Structural MRI-based measures of neuroplasticity in an extended amygdala network as a target for attention bias modification treatment outcome.

Increased attentional bias to threat has been identified as a causal mechanism in the development of anxiety. As such, attention bias modification (ABM) was conceived as a treatment option where anxiety is alleviated through a computerized cognitive training regimen that reduces an individual's attentional bias to threat.
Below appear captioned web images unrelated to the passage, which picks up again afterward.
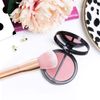 TRIXES Powder Brush - Blusher Blush -Professional Cosmetic Make Up Brush - Beauty Blender - Flawless Full Coverage - for Face Cheeks & Jawline - Rose Gold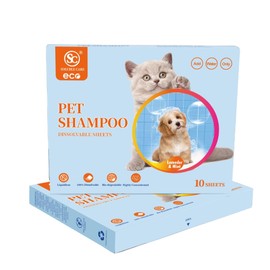 Eco-Friendly Pet Shampoo Sheets - Pack of 10 Sheets, Ultra-Convenient, Hypoallergenic Sheets for Gentle and Effective Pet Cleaning, Featuring Moisturizing and Deodorizing Benefits, by Soluble Care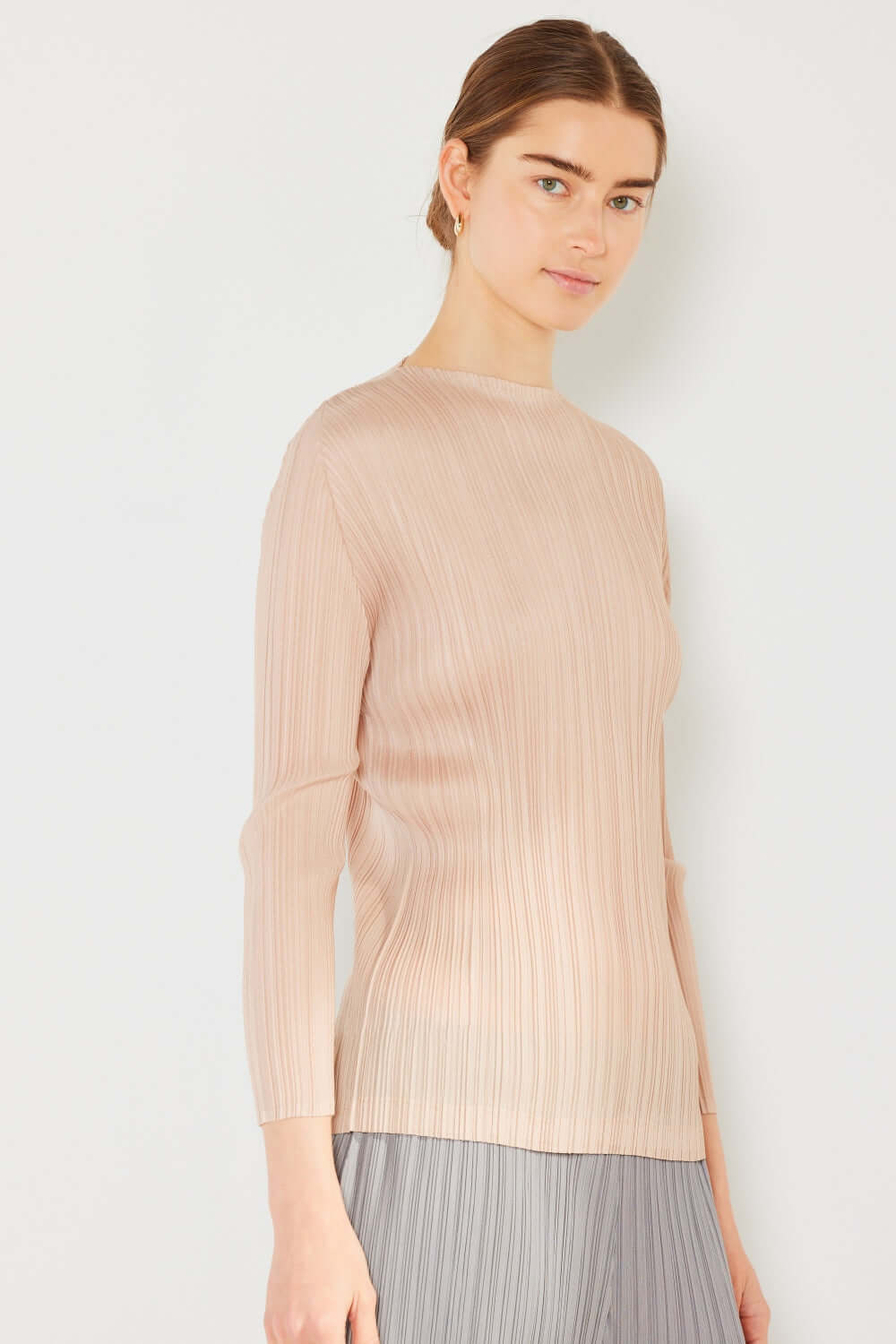 MARINA WEST SWIM Pleated Long Sleeve Boatneck Top at Bella Road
Although ABM appears to be a promising treatment option for anxiety, the mechanism of action by which the treatment is effective is unknown. We hypothesize that effective ABM treatment is associated with neuroplasticity-related structural changes in an extended amygdala - prefrontal cortex network that can be detected with standard T1-weighted magnetic resonance imaging (MRI). Literature regarding [1] effects of brain damage on attention bias, [2] functional neuroimaging of attention bias, [3] structural neuroimaging of attention bias, and [4] functional neuroimaging of ABM training all support the role of this network as the underlying mechanism of attention bias behavior and neuroplasticity-related changes in attentional bias. Additionally, we provide proof of principle pilot data that ABM training reduces MRI measures of gray matter volume in the basal forebrain/extended amygdala and medial prefrontal cortex. Greater reduction in gray matter volume corresponds to greater reduction in attentional bias. In addition, level of pre-training bias appears to be a strong indicator of treatment outcome. In short, we provide converging evidence for the hypothesis that the mechanism underlying effective ABM training is reduced gray matter volume in an extended amygdala network. MRI-based measures of neuroplasticity in this network could be an important target outcome for the treatment of anxiety with ABM.